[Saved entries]
━━━━━━━━━━
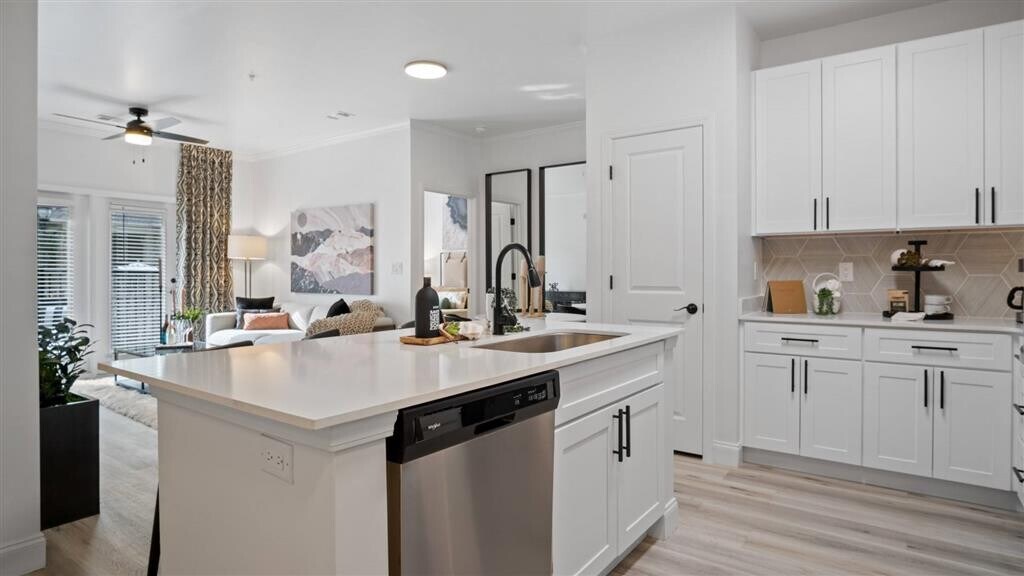 Verde Vista Asheville, NC Apartments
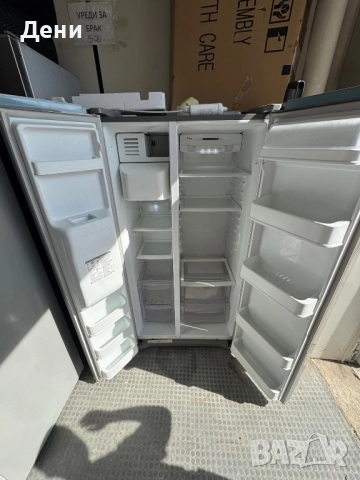 Хладилник LG двувратка , снимка 2 - Хладилници - 51612205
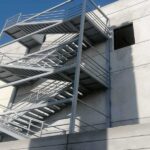 ساندوتش بانل وبيوت شعر جدة | تركيب سلالم حديد ومخارج الطوارئ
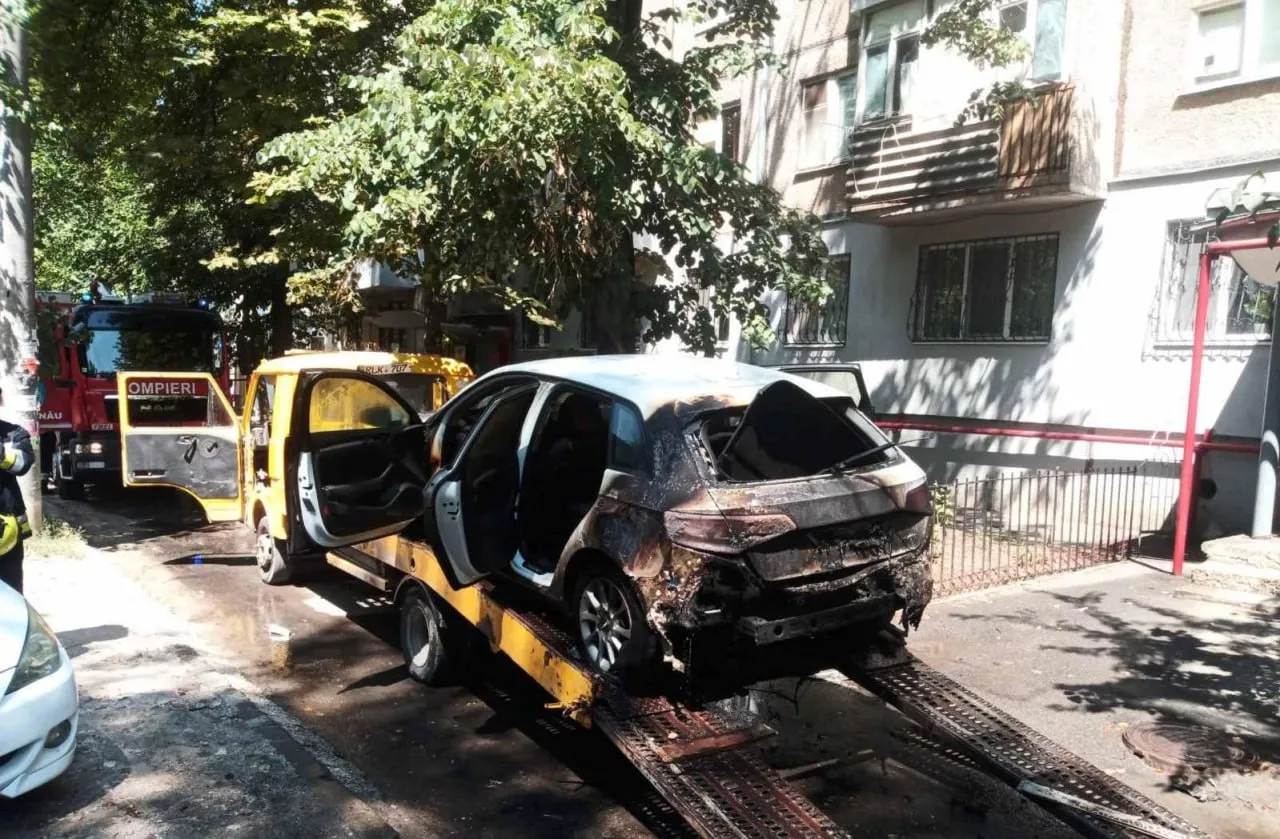 В Кишиневе загорелась машина во время погрузки на эвакуатор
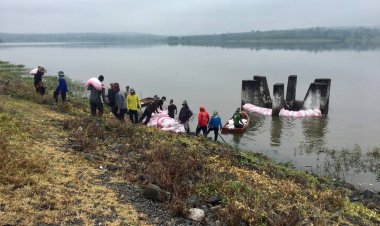 ศรีสะเกษระดมนำกระสอบทรายเสริมความสูง 50 ซม.บริเวณทางระบายน้ำล้นอ่างเก็บน้ำห้วยด่านไอเพิ่มปริมาณน้ำกักเก็บ 800,000 ลูกบาศก์เมตร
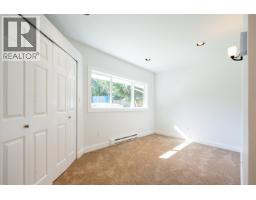 1565 A-1565 B Jack Road, Sechelt, BC V7Z0A1 Photo 20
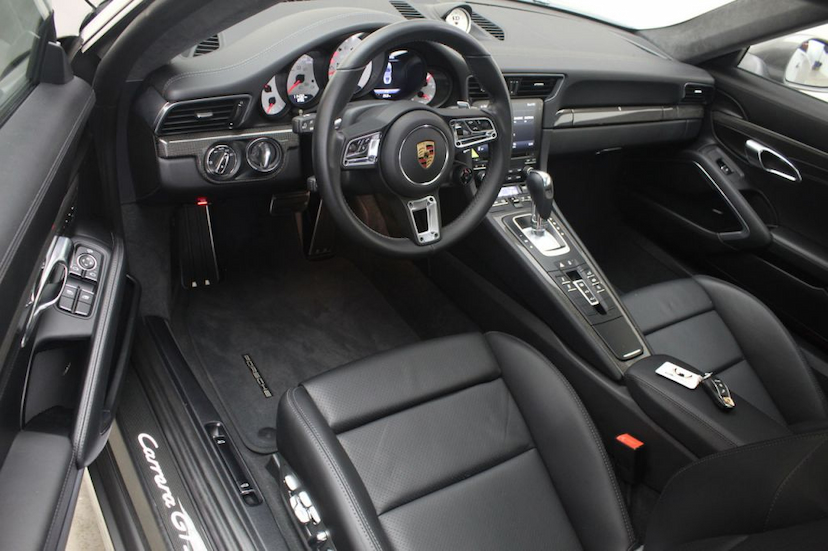 Foto do veículo PORSCHE  911 CARRERA GTS 2018 11.432 KM 689.000,00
━━━━━━━━━━
Only the text of the entries belongs in the answer, copied exactly; the pictures stay out.

-- FINISHED TASK --
 Verde Vista Asheville, NC Apartments
 Хладилник LG двувратка , снимка 2 - Хладилници - 51612205
 ساندوتش بانل وبيوت شعر جدة | تركيب سلالم حديد ومخارج الطوارئ
 В Кишиневе загорелась машина во время погрузки на эвакуатор
 ศรีสะเกษระดมนำกระสอบทรายเสริมความสูง 50 ซม.บริเวณทางระบายน้ำล้นอ่างเก็บน้ำห้วยด่านไอเพิ่มปริมาณน้ำกักเก็บ 800,000 ลูกบาศก์เมตร
 1565 A-1565 B Jack Road, Sechelt, BC V7Z0A1 Photo 20
 Foto do veículo PORSCHE  911 CARRERA GTS 2018 11.432 KM 689.000,00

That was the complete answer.